§ **RECORDED DATA**:
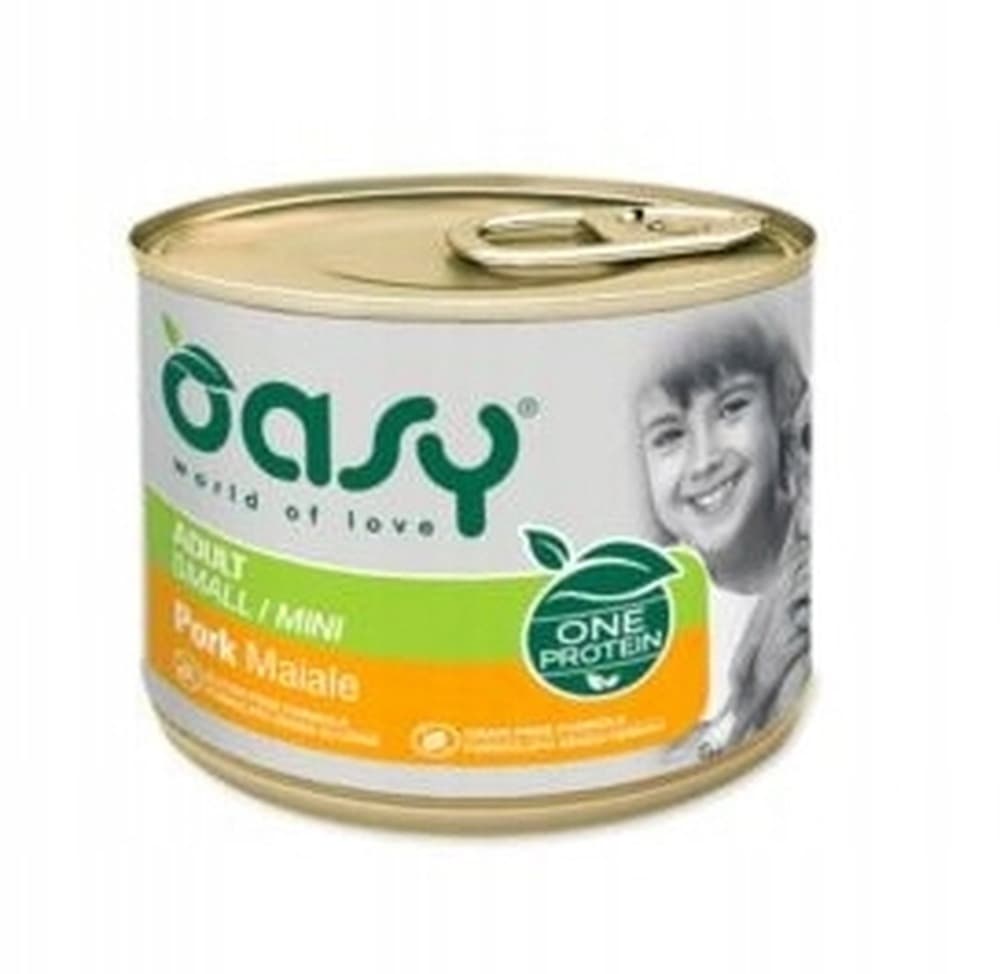 Oasy One Protein Karma dla psów dorosłych ras małych wieprzowina 200 g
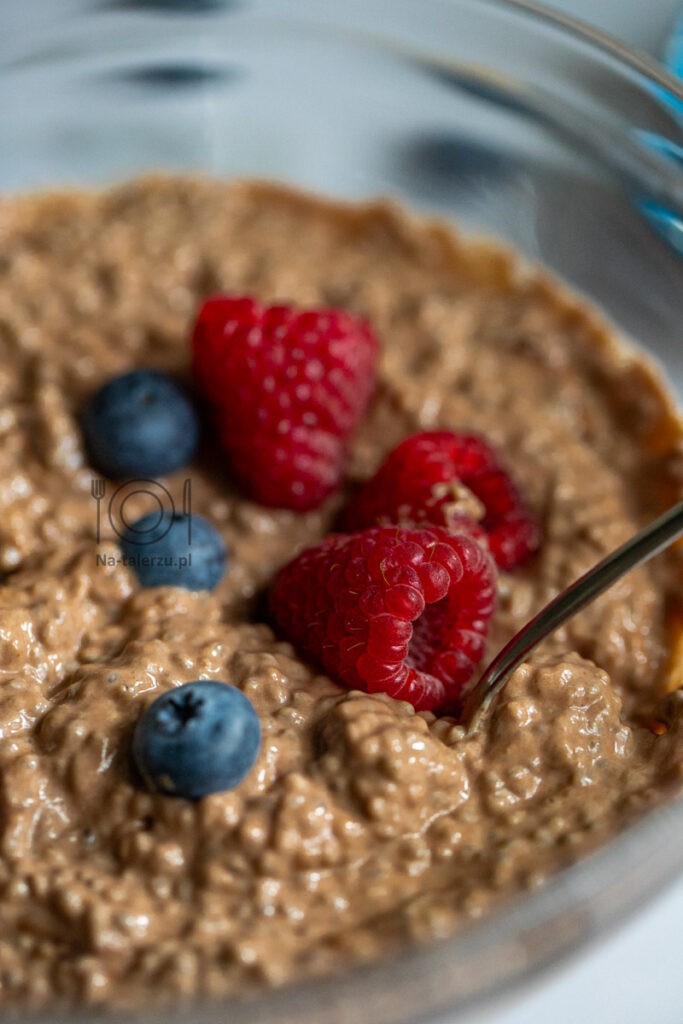 Proteinowy czekoladowy pudding chia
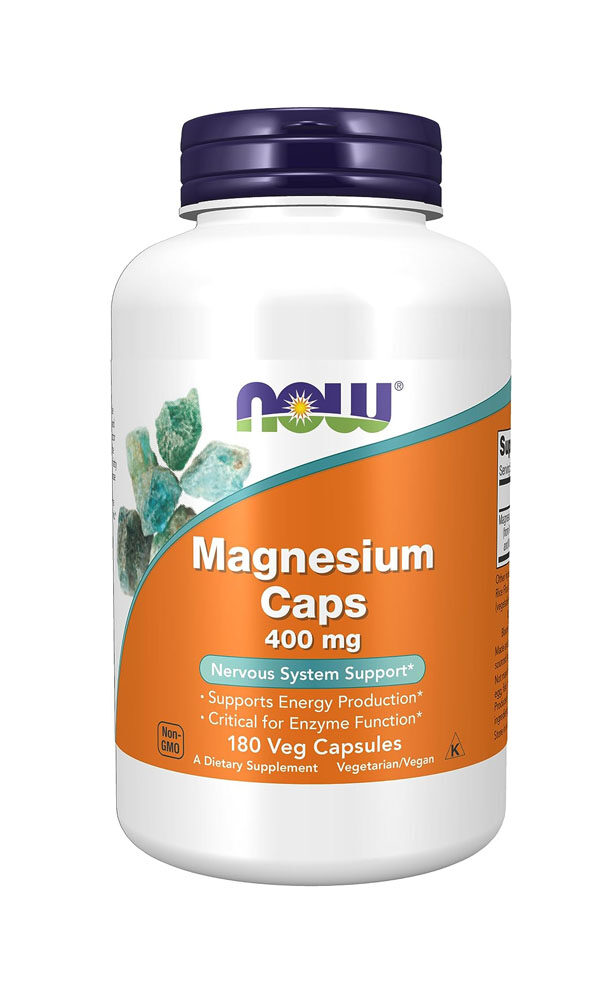 NOW Supplements, Magnesium 400 mg, Enzyme Function*, Nervous System Support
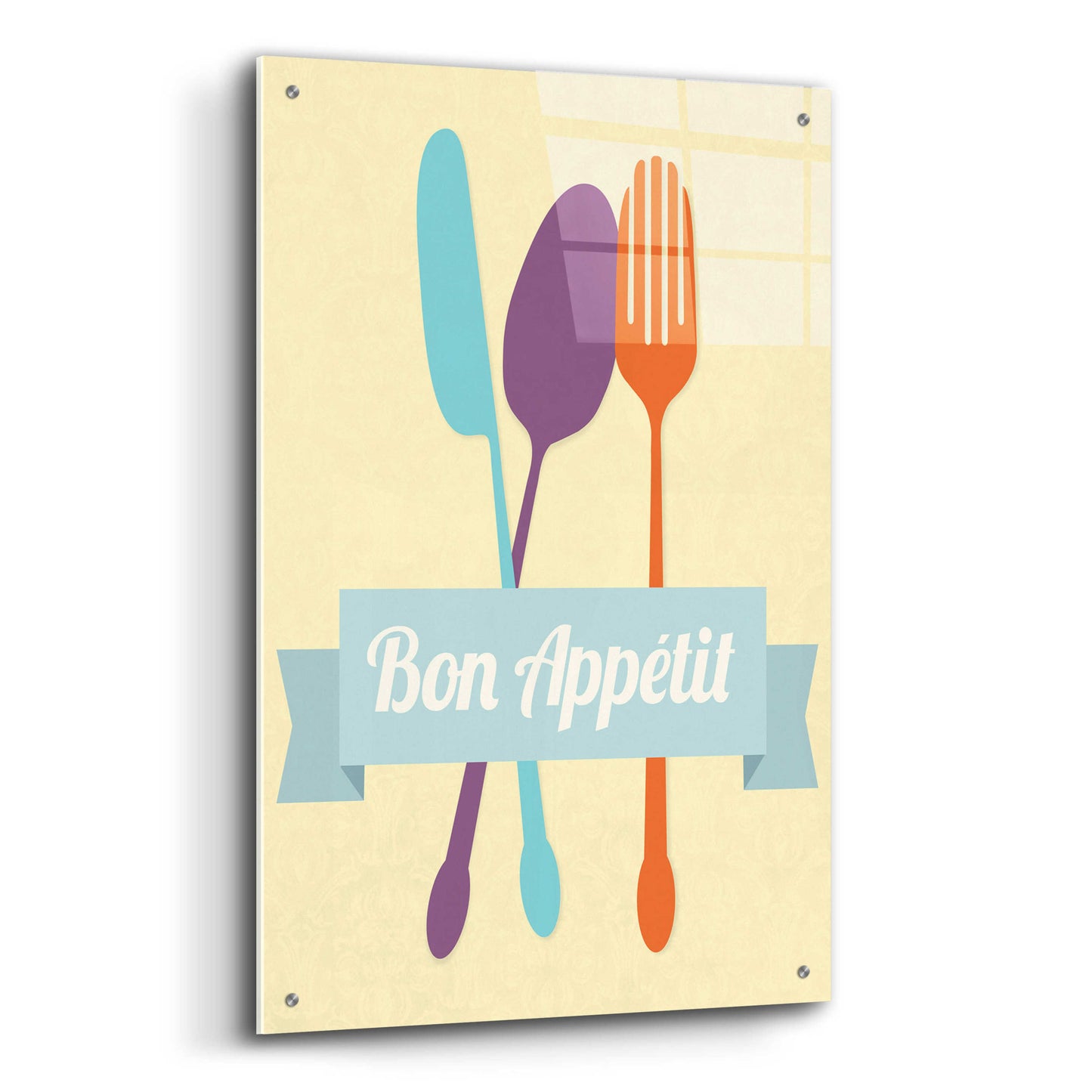 Epic Art 'Bon Appetit' by Genesis Duncan, Acrylic Glass Wall Art,24x36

§ **TASK REQUIREMENTS**: Print the listing exactly, minus its pictures.

§ **EXERCISE RESULT**:
 Oasy One Protein Karma dla psów dorosłych ras małych wieprzowina 200 g
 Proteinowy czekoladowy pudding chia
 NOW Supplements, Magnesium 400 mg, Enzyme Function*, Nervous System Support
 Epic Art 'Bon Appetit' by Genesis Duncan, Acrylic Glass Wall Art,24x36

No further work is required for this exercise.